The IRA is set to issue a statement on its future, Sinn Fein President Gerry Adams has confirmed.
There are expectations that an IRA statement is imminent
Expectations of a statement on Thursday rose following the release of Shankill bomber Sean Kelly.
Unionist attention will focus on whether the expected IRA statement will indicate that it will give up all its arms and give up violence for good.
Mr Adams said: "The forthcoming IRA statement will challenge Irish republicans and nationalists."
He appealed to "everyone to carefully read what the Army has to say and to remain united and steadfast".
"The IRA statement will also challenge others, especially the two governments and the Unionists," he said.
The group has been expected to give its response to a call by the Sinn Fein president to pursue its goals through purely political means.
Sean Kelly was one of two IRA men who bombed a shop on the loyalist Shankill Road in 1993 killing nine people.
The government said he was "released on the expectation of a forthcoming IRA statement".
Kelly's early release licence was suspended by Northern Ireland Secretary Peter Hain last month after security information indicated he had become "re-involved in terrorism".
DUP leader Ian Paisley branded the release of Kelly as a "government sop to the IRA".
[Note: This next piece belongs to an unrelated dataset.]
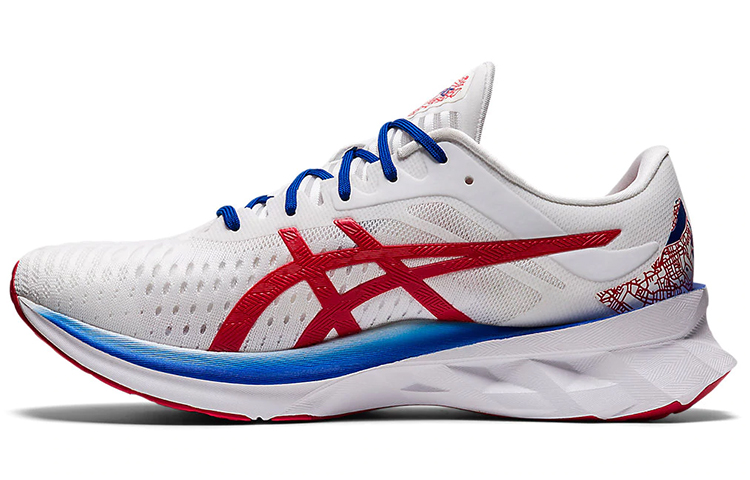 Buy ASICS Novablast 'White Blue' 1011B119-100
Speaking after meeting Mr Hain on Thursday, Mr Paisley said the real proof of the IRA's future intentions would come in the months ahead.
"We've heard it all before... but we want the action that proves this has happened," he said.
Ulster Unionist leader Sir Reg Empey said the release of Kelly meant the government was "grovelling to republicans".
He added that the move "would be seen as a cynical manipulation, not only of the legal process, but the political process".
Meanwhile, Sinn Fein's Martin McGuinness has travelled to the US and is due to brief Mitchell Reiss, President Bush's special adviser on Northern Ireland, on Thursday.
He is also due to hold a news conference in Washington with a number of congressmen.
Martin McGuiness has travelled to America
BBC Northern Ireland political correspondent Martina Purdy said political reaction to the IRA statement would be critical and is expected to be mixed.
"Republicans will be looking for a warm welcome from the prime minister and the taoiseach," she said.
"Critically, republicans will want Tony Blair to keep his promise that if there are acts of completion by the IRA, he will implement the agreement in full, which means dealing with demilitarisation, for example.
"DUP leader Ian Paisley has already signalled that he is interested in 'deeds not words' from the IRA - and has said he wants a lengthy testing period."